● Work order
Please, without any pictures, set down exactly the part of the listing below that opens with the line containing "Pantalon chino slim" and closes with the line containing "TVS Motor Raider 125 (2024 - 26) (7)".

● Exercise data

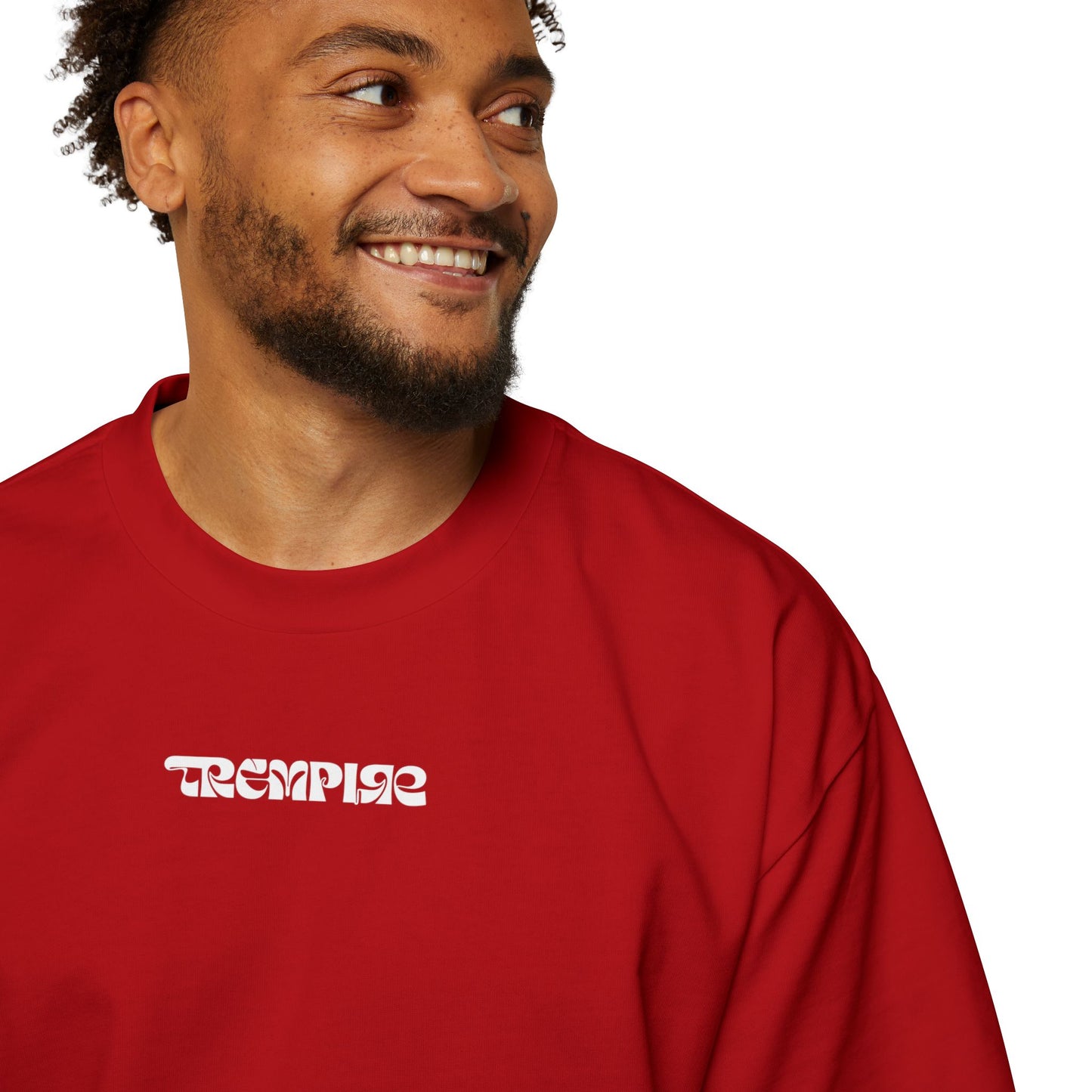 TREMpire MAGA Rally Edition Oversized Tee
* * *
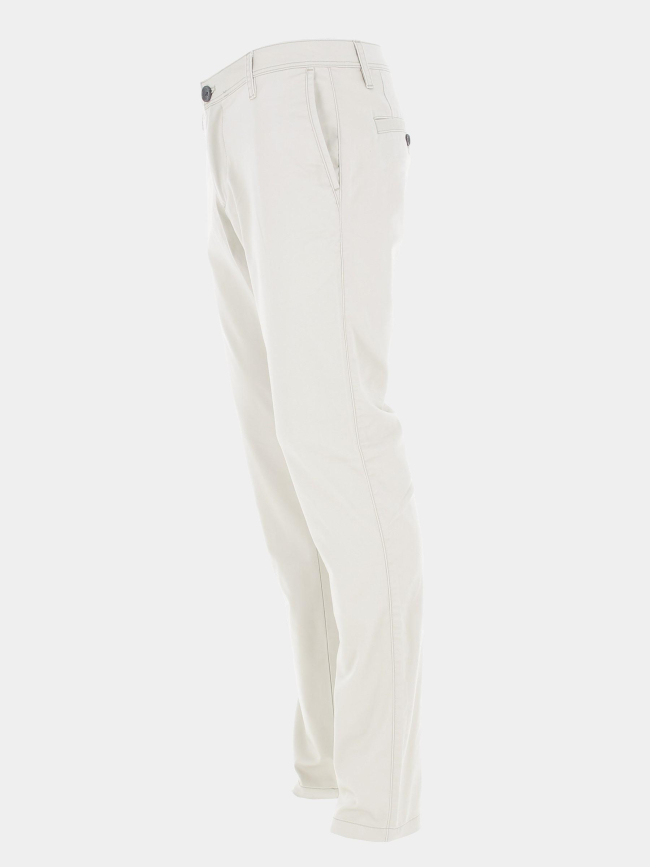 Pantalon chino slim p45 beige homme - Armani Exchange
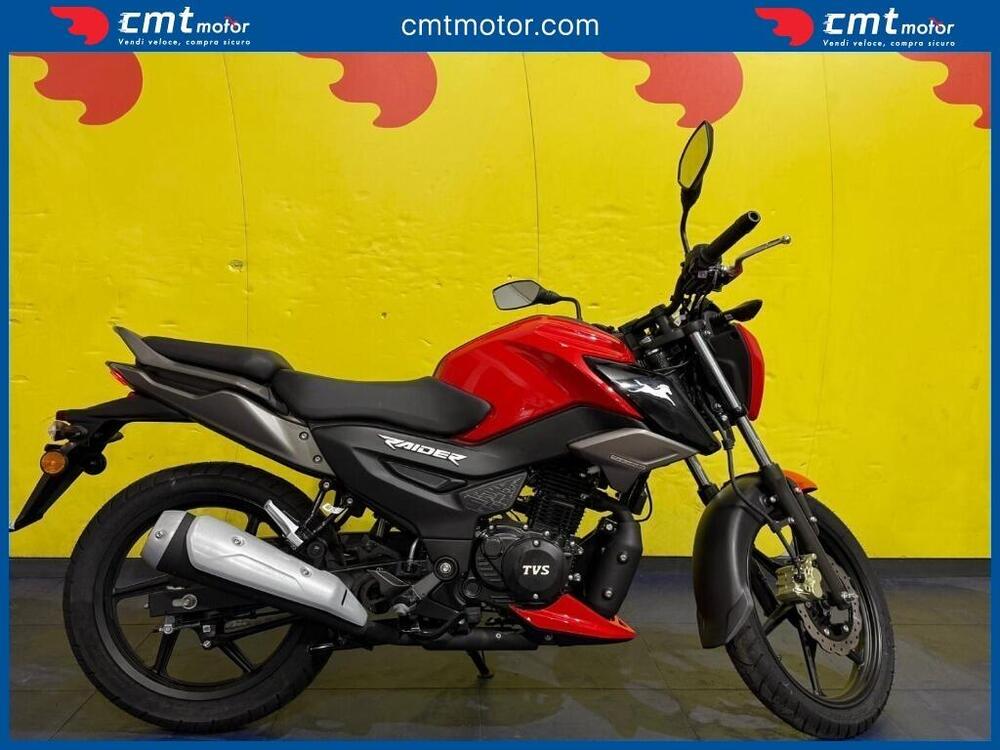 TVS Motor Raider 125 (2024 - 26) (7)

● Exercise result
 Pantalon chino slim p45 beige homme - Armani Exchange
 TVS Motor Raider 125 (2024 - 26) (7)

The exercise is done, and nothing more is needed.